集約により作られるnullインタフェースは、アドバタイズしたアドレスの行先インタフェースになる。
アドバタイズしたアドレスの行先?
あ〜、今回の例ですと、172.16.0.0/16をアドバタイズしたから、172.16.0.0/16はnullインタフェースに送られるってことですか。
そういうことだ。
さて、ネット君。OSPFの経路集約を思い出して欲しいのだが、OSPFの経路集約はどのルータが行った?
どのルータ?
……、ABRとASBRってことですか、博士?
うむ。そうだ。つまり境界ルータしか経路集約ができない。これがOSPFだ。
だが、EIGRPでは任意のルータで経路集約が可能だ。
任意のルータっていうことは、経路集約ができそうならどのルータでもって意味ですよね。
そういうことだ。よってEIGRPは柔軟なネットワークの設定が可能なのだよ。
なるほどです。
■ ロードバランシング
今日説明するもう1つは、ロードバランシングだ。
ろーどばらんしんぐ?
初めて聞くことばですね。ロードをバランシング?
ロード(負荷)のバランスをとるから、ロードバランシング、と呼ばれる。
ルータでのロードバランシングは、パスの負荷分散だな。
パスの負荷分散?
例えばだ、以下のような場合。
[FigureRT14-05:ベストパスへの集中]
確かに、ベストパスに集中してしまうことがありえますけど。
でも、これは仕方のないことなんじゃないんですか?
仕方のないことだからといって、ほっとくわけにもいかんだろう?
なので1つのパスにトラフィックが集中することを防ぐ。これがロードバランシングだ。
ははぁ。どうやってです?
基本的には同じコストのパスがあった場合、トラフィックが集中しないように分けて使う。
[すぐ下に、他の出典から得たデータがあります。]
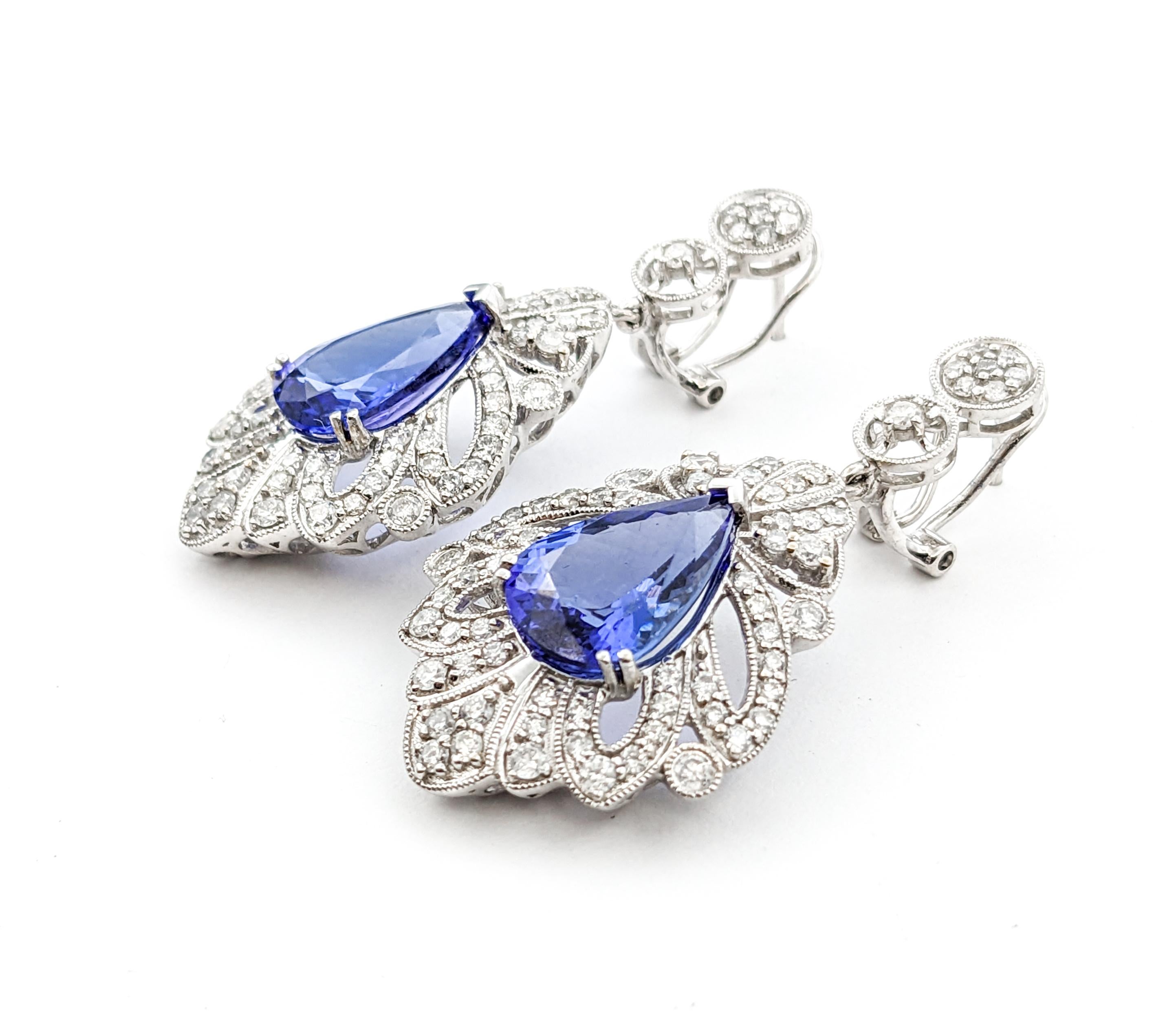 9.17ctw Tanzanite & 2.34ctw Diamond Dangle Earrings In White Gold

Introducing these exquisite Tanzanite Dangle Earrings, crafted in bright 18K White Gold, a true embodiment of elegance and craftsmanship. Enhanced by a generous weight of 9.17 carats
同じコストの負荷分散なので等コストロードバランシングという。
とうこすとろーどばらんしんぐ。
[FigureRT14-06:等コストロードバランシング]
まぁ、上のような形だ。OSPFはこの等コストロードバランシングに対応している。
ははぁ。
パケットの通る道が分かれるんですね。行く道(道路)を分けるから道路バランシング、なんちて。
…。
博士?
…。
やだなぁ、博士。このウィットに富んだギャグをわかってもらえなかったですか?
これはですね、「ロード」と「道路」を…。
どやかましい!!
受けもせんギャグを解説しようとはいい度胸だ。
度胸ありますか、僕。えへへ。
褒めてねぇ。
はぅっ。
ともかくだ。ロードバランシングはわかったか?
それはわかりました。
でも、先ほど「OSPFは」とおっしゃいましたが、他のルーティングプロトコルはどうなんです?
RIPはロードバランシングを使えない。
RIPは駄目ですか。古いですからね。
じゃあ、IGRPとかEIGRPは?
うむ。IGRP、EIGRPは両方とも等コストロードバランシングに対応している。
さらに、不等コストロードバランシングも行うことが出来る。
ふとうこすとろーどばらんしんぐ?
不等コストってことは、違うコストのパス間で負荷分散する?
■ 不等コストロードバランシング
そうだ。
[FigureRT14-07:不等コストロードバランシング]
へへぇ。便利ですね。
うむ。不等コストロードバランシングを有効にするには、以下のコマンドが必要だ。
- Router(config-router)#traffic-share balanced
ちなみにbalancedのところをminに変えると等コストロードバランシングになる。
さらにもうひとつ、倍率を設定する。
- Router(config-router)#variance n
倍率?
なんの倍率ですか?
どのパスまで不等コストロードバランシングで使うかを決定する倍率だ。
いくら不等コストとはいっても、あまりに遅いパスを使っていてはいかんしな。
まぁ、そうですね。トラフィックが集中しすぎたからって、すごく遅いパスにトラフィックをまわしたら、分散しないより時間がかかる場合もありますからね。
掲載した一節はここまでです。